Hello LKFT maintainers, CI operators,
First, I would like to say thank you to the people behind the LKFT project for validating stable kernels (and more), and including some Network selftests in their tests suites.
A lot of improvements around the networking kselftests have been done this year. At the last Netconf [1], we discussed how these tests were validated on stable kernels from CIs like the LKFT one, and we have some suggestions to improve the situation.
KSelftests from the same version --------------------------------
According to the doc [2], kselftests should support all previous kernel versions. The LKFT CI is then using the kselftests from the last stable release to validate all stable versions. Even if there are good reasons to do that, we would like to ask for an opt-out for this policy for the networking tests: this is hard to maintain with the increased complexity, hard to validate on all stable kernels before applying patches, and hard to put in place in some situations. As a result, many tests are failing on older kernels, and it looks like it is a lot of work to support older kernels, and to maintain this.
Many networking tests are validating the internal behaviour that is not exposed to the userspace. A typical example: some tests look at the raw packets being exchanged during a test, and this behaviour can change without modifying how the userspace is interacting with the kernel. The kernel could expose capabilities, but that's not something that seems natural to put in place for internal behaviours that are not exposed to end users. Maybe workarounds could be used, e.g. looking at kernel symbols, etc. Nut that doesn't always work, increase the complexity, and often "false positive" issue will be noticed only after a patch hits stable, and will cause a bunch of tests to be ignored.
Regarding fixes, ideally they will come with a new or modified test that can also be backported. So the coverage can continue to grow in stable versions too.

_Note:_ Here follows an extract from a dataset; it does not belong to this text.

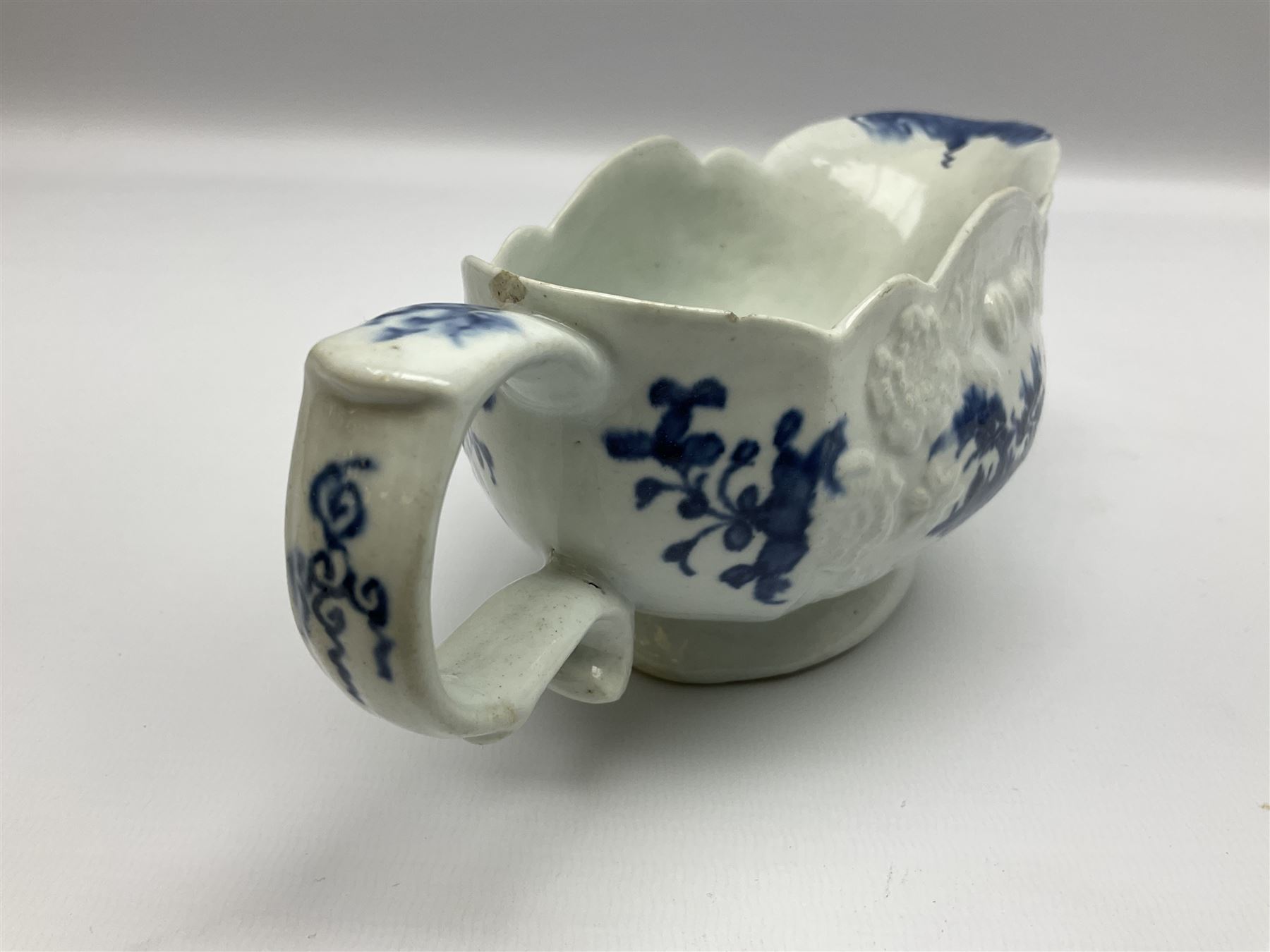 Large 18th century Lowestoft sauce boat, circa 1770, the body decorated with Hughes type floral moulding, and painted in underglaze blue with an Oriental landscape, and foliate sprigs, L23cm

Do you think that from the kernel v6.12 (or before?), the LKFT CI could run the networking kselftests from the version that is being validated, and not from a newer one? So validating the selftests from v6.12.1 on a v6.12.1, and not the ones from a future v6.16.y on a v6.12.42.
Skipped tests -------------
It looks like many tests are skipped:
- Some have been in a skip file [3] for a while: maybe they can be removed?
- Some are skipped because of missing tools: maybe they can be added? e.g. iputils, tshark, ipv6toolkit, etc.
- Some tests are in 'net', but in subdirectories, and hence not tested, e.g. forwarding, packetdrill, netfilter, tcp_ao. Could they be tested too?
How can we change this to increase the code coverage using existing tests?
KVM ---
It looks like different VMs are being used to execute the different tests. Do these VMs benefit from any accelerations like KVM? If not, some tests might fail because the environment is too slow.
The KSFT_MACHINE_SLOW=yes env var can be set to increase some tolerances, timeout or to skip some parts, but that might not be enough for some tests.
Notifications -------------
In case of new regressions, who is being notified? Are the people from the MAINTAINERS file, and linked to the corresponding selftests being notified or do they need to do the monitoring on their side?
Looking forward to improving the networking selftests results when validating stable kernels!
[1] https://netdev.bots.linux.dev/netconf/2024/ [2] https://docs.kernel.org/dev-tools/kselftest.html [3] https://github.com/Linaro/test-definitions/blob/master/automated/linux/kself...
Cheers, Matt